Unter Berücksichtigung der Schwere des Fehlverhaltens einerseits und der langen Ehedauer, der ehebedingten wirtschaftlichen Nachteile der Beklagten, der aktuellen wirtschaftlichen Verhältnisse und der beabsichtigten Absicherung der Beklagten andererseits scheide eine vollständige Versagung des Unterhalts aber aus, zumal die Parteien in der Vereinbarung selbst ein langjähriges Zusammenleben der Beklagten mit einem neuen Partner nur in der Weise berücksichtigt hätten, dass auch in diesem Fall immer noch 50 % des Unterhalts geschuldet würden.

Bei der Herabsetzung seien die derzeitigen Einkommens- und Vermögensverhältnisse zu berücksichtigen. Eine Verwertung des Hausgrundstücks sei von der Beklagten nicht zu verlangen. Dass die Parteien die Abänderung der Unterhaltsvereinbarung auf veränderte tatsächliche und wirtschaftliche Verhältnisse beschränkt hätten, habe jedenfalls nicht zur Folge, dass ein Wegfall der Geschäftsgrundlage nicht geltend gemacht werden könne.

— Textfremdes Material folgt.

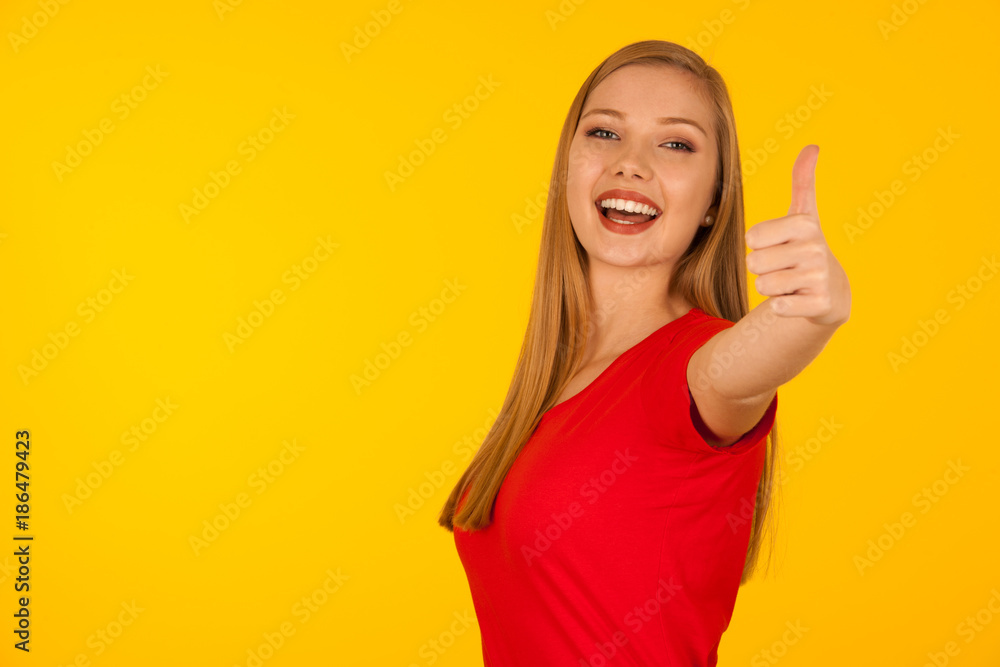 Beautiful young woman with too big trousers and scale gesture a weight loss over yellow background Beautiful young woman with too big trousers and scale gesture a weight loss over yellow background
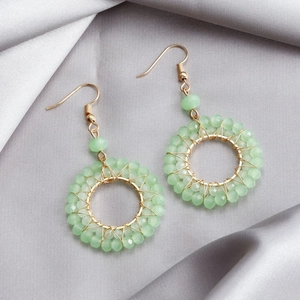 Close-up of light green crystal beads hand-woven on golden circular drop earrings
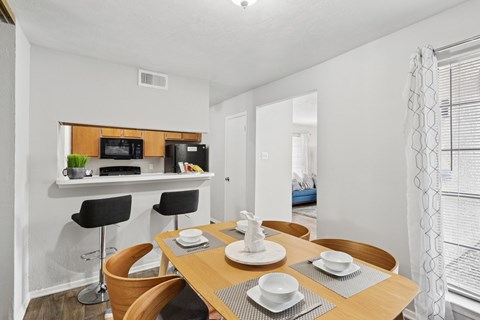 Model unit dining room at The Summit in Mesquite, TX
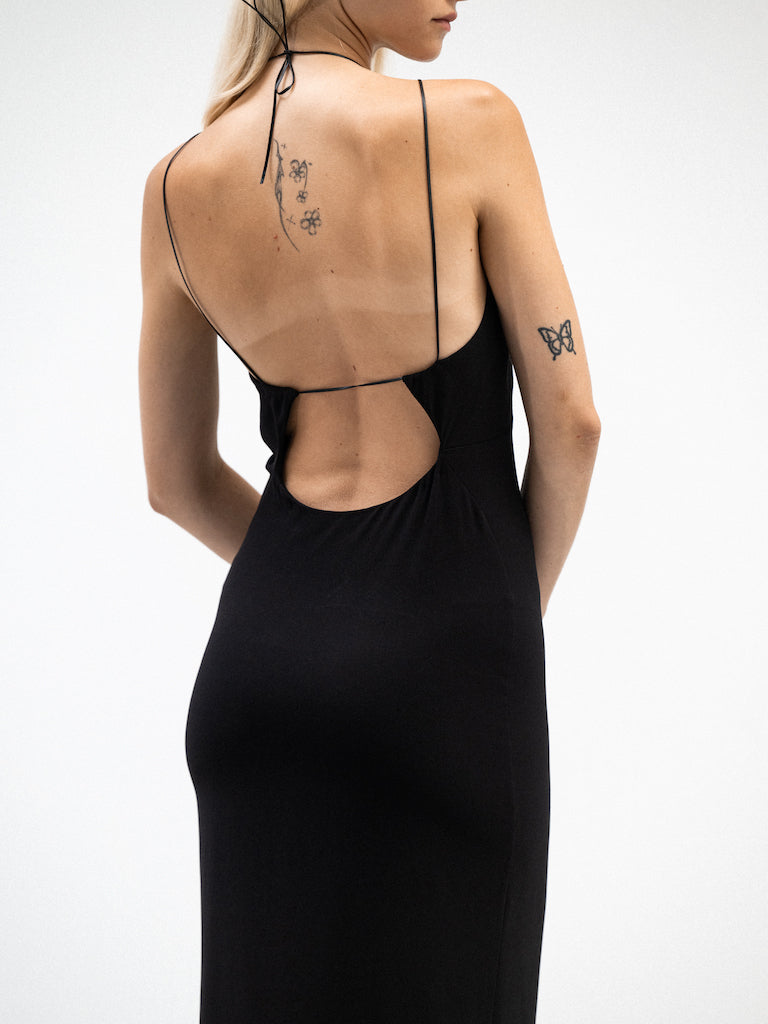 Back view of a female model wearing an elegant midi dress that features a curved open back design with plunge back, spaghetti straps, and a form-fitting silhouette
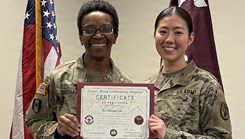 2nd Lt. Dawon Lee, an Army Nurse assigned to Evans Army Community Hospital, receives a graduation certificate from Col. Cynthia Buchanan, the EACH Deputy Commander for Nursing, during the Clinical Nurse Transition Program graduation ceremony.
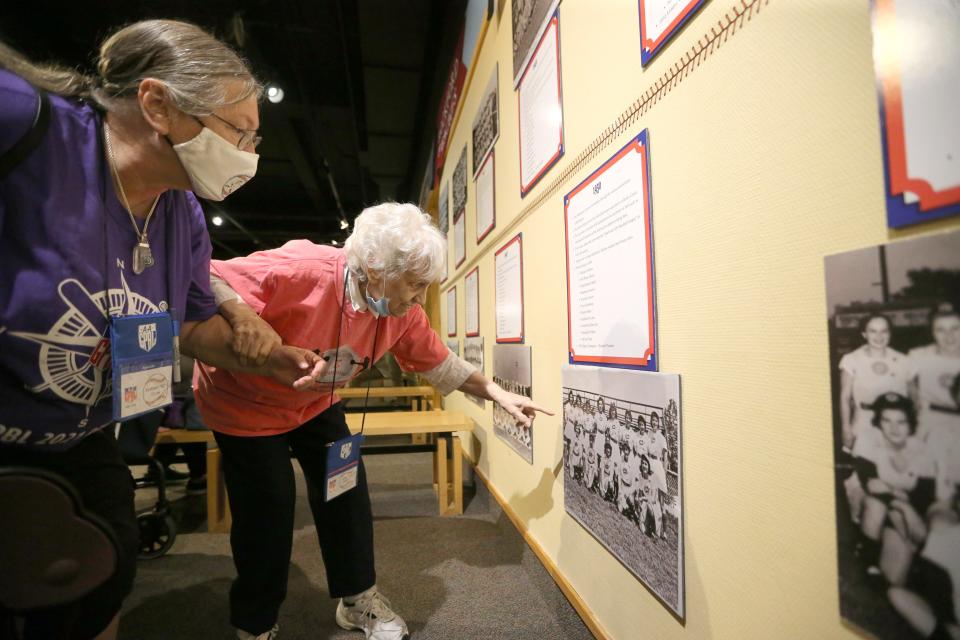 Sister Toni Palmero points out a photograph of her teammates to Kathleen Carter Friday, Aug. 19, 2022, in an exhibit of the All-American Girls Professional Baseball League at The History Museum.  Players, fans and families were in South Bend this past weekend for a reunion of the league in South Bend.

Eine weitergehende Herabsetzung oder Befristung nach § 1578 b BGB sei nicht vorzunehmen. Zwar sei im Fall des Altersunterhalts der Versorgungsausgleich zu berücksichtigen, wobei der schuldrechtliche Versorgungsausgleich noch ausstehe. Die von der Beklagten bezogene Rente erreiche aber der Höhe nach nicht die Rente, die sie im Fall ununterbrochener Berufstätigkeit beziehen würde. Des Weiteren sei nicht ersichtlich, wie die Beklagte sich zukünftig auf den Wegfall des Unterhalts einstellen solle.

II.

Die Revision des Klägers ist unzulässig. Nach ständiger Rechtsprechung des Senats kann sich die Eingrenzung der Rechtsmittelzulassung nicht nur aus dem Entscheidungstenor, sondern auch aus den Entscheidungsgründen ergeben (vgl. Senatsurteile vom 12. November 2003 – XII ZR 109/01 – FamRZ 2004, 612 Rn. 7 und BGHZ 179, 43 = FamRZ 2009, 406 Rn. 10 f. jeweils mwN).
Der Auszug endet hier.